Blogs are a familiar feature on the internet - where users post content in an accumulating manner, with comments, and search options, etc. They facilitate expression and exploration, and via attached comments, also debate and synthesis.


Reading and
Navigating Blogs

Our blogs are quite powerful. Each writer can post, as is typically the case. Sustainers who have the option can also post, however. All Blogs appear in the blog system, and sometimes also in content boxes the top page of ZNet - and always via the left menu of the top page - and can be found via searches, etc.

Commenting on blogs follows the blogs, attached at the bottom, and blog comments, like all others, are also visible in many places that show comments including in the forum system. In addition, the entire blog system gathers content for everyone - but one can look at the accumulating content in many ways.

  • For example one can look at one writer's efforts - so one is seeing what is effectively a blog system for that one writer, or Sustainer.
  • One can also look at the content by topic, seeing blogs that are tagged as being about a certain topic - or place, as well. Thus, when doing that, it is a blog system about a topic, or a place, with many contributors.
  • One can look at only writer blogs, or only sustainer blogs, as well.
  • One can look at blogs for particular Groups, too.

All this is easily done using the left menu.
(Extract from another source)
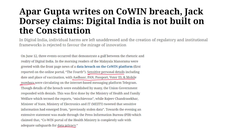When a data breach occurs, it can result in exposure of various types of data including personal information, as happened in the case of the CoWIN platform data breach, financial records, login credentials, intellectual property or any other sensitive data held by an organization. The breach can occur due to various factors — hacking, malware or ransomware infections, physical theft of devices or storage media, or accidental disclosure and internal mishandling of data.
Searches allow even more variables and refinements.


Creating Blog Posts

If you are a Sustainer with permission, and are logged in, you will see a link in the left menu for you to post a blog - and you can use that to post one, and then tag it various ways (such as with a topic or place, or a group tag), and once you do, it is in the system with you as the author.

You can also use the console button to the left to post a blog - anytime and from anywhere in the site, as long as you are logged in.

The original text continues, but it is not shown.